Friday: A mink ran in front of me on the marsh trail between Monitor Street and the Causeway.

Saturday: An unidentified animal flashed across the trail fifty yards ahead of me near Houska Park. My instant reaction was “fisher,” but La Crosse is too far south for fishers. It was too stout and too dark in color to be a fox. It was too big to be another mink. There was a wild stealth to it, so I didn’t think it was a dog.  Even though there was no waddle to its gait, my best guess is an uncharacteristically slim and graceful woodchuck. 

Sunday: Taking a wide swing through Riverside Park, I rode past a fountain with a sculpture I’d never seen before. The sculpture is of Mami Wata, the Central African mermaid of sea and river.

Monday: Returning to Mami Wata, this time with a camera to take her photograph, I discovered another water feature tucked behind the Visitor and Convention Bureau Building. It was a wooden waterwheel. Both of the amenities are part of the International Garden where gifts from La Crosse’s sister cities are displayed. Mata Wata is from Kumbo, Cameroon, and the water wheel is from Bantry, Ireland.

Tuesday: Got a late start today. It was almost noon when I left home. There was less wildlife and fewer people out at midday. Still I did see wood ducks, rabbits, and a lone grebe. Nothing wrong with that. 

Wednesday: I encountered two friends on bicycles, Jearold on the bike trail at Chad Erickson Park and Connie near the community theater downtown. Jearold was a colleague in my department at the university. Connie owned the coffee shop across the street from campus. Both retired in the past three years. Both bike at least ten miles a day and look healthier, certainly trimmer, than they did when they were working. 

Thursday: I surprised five Canada geese on the marsh trail this morning, and they flew a short distance to the safety of open water.  There is nothing unusual about this, except mid-July is the heart of molting season. Geese should not be able to fly right now, but these birds definitely took to the air.  My guess is that goslings develop their initial flight feathers a little sooner in the summer than the adults replace their old ones, and these particular birds were all juveniles trying out their new wings. 
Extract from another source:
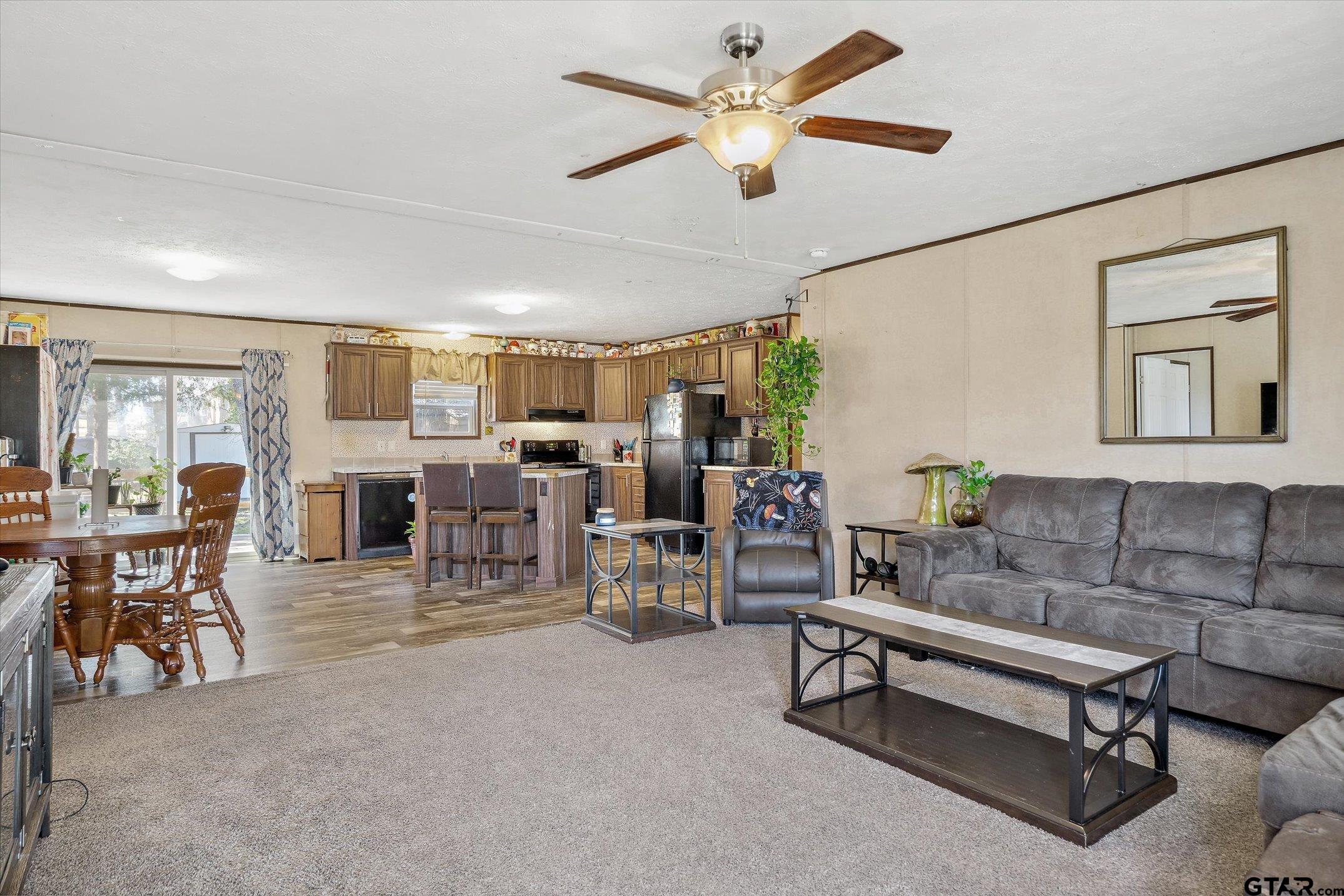 129 Elm Drive Murchison, TX 75778 - Photo 7 of 34 a living room with furniture and a large window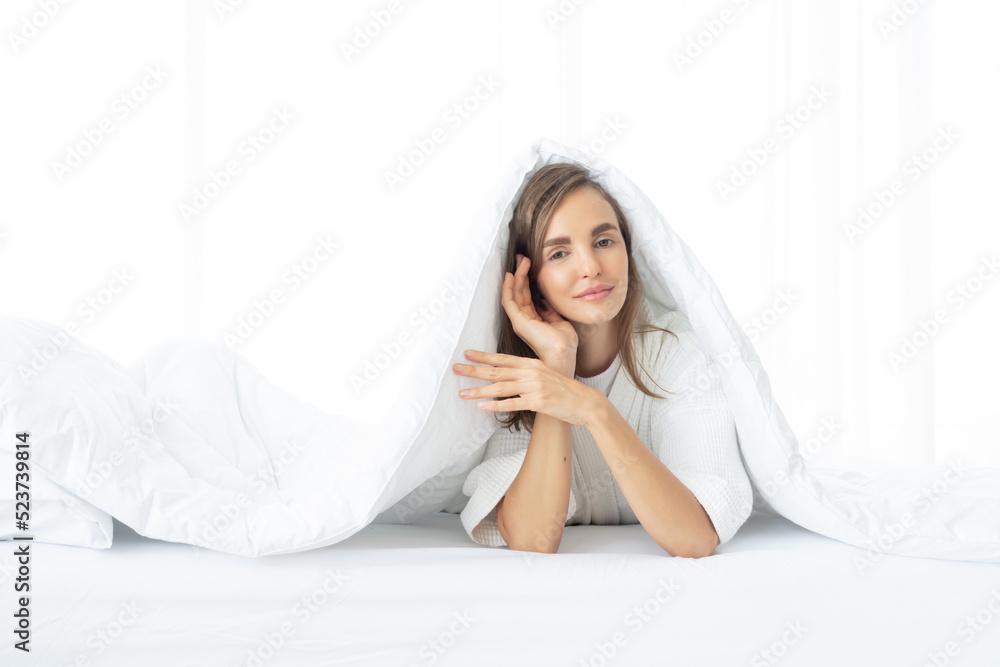 Fototapeta premium A woman lying at the end of the bed underneath the quilt and smiling, with her head resting upon her hand in the morning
In theory, recording the highlights of my daily bicycle rides was a good idea. In practice, not so much. Instead of enjoying each unique sighting as it occurred, I would see it and then wonder whether I was going to see anything more impressive that day. I began to ignore the sections of my ride through residential neighborhoods, thinking of them as dead zones compared to the parks and preserves. I was actively seeking out special moments when I should have let them come to me.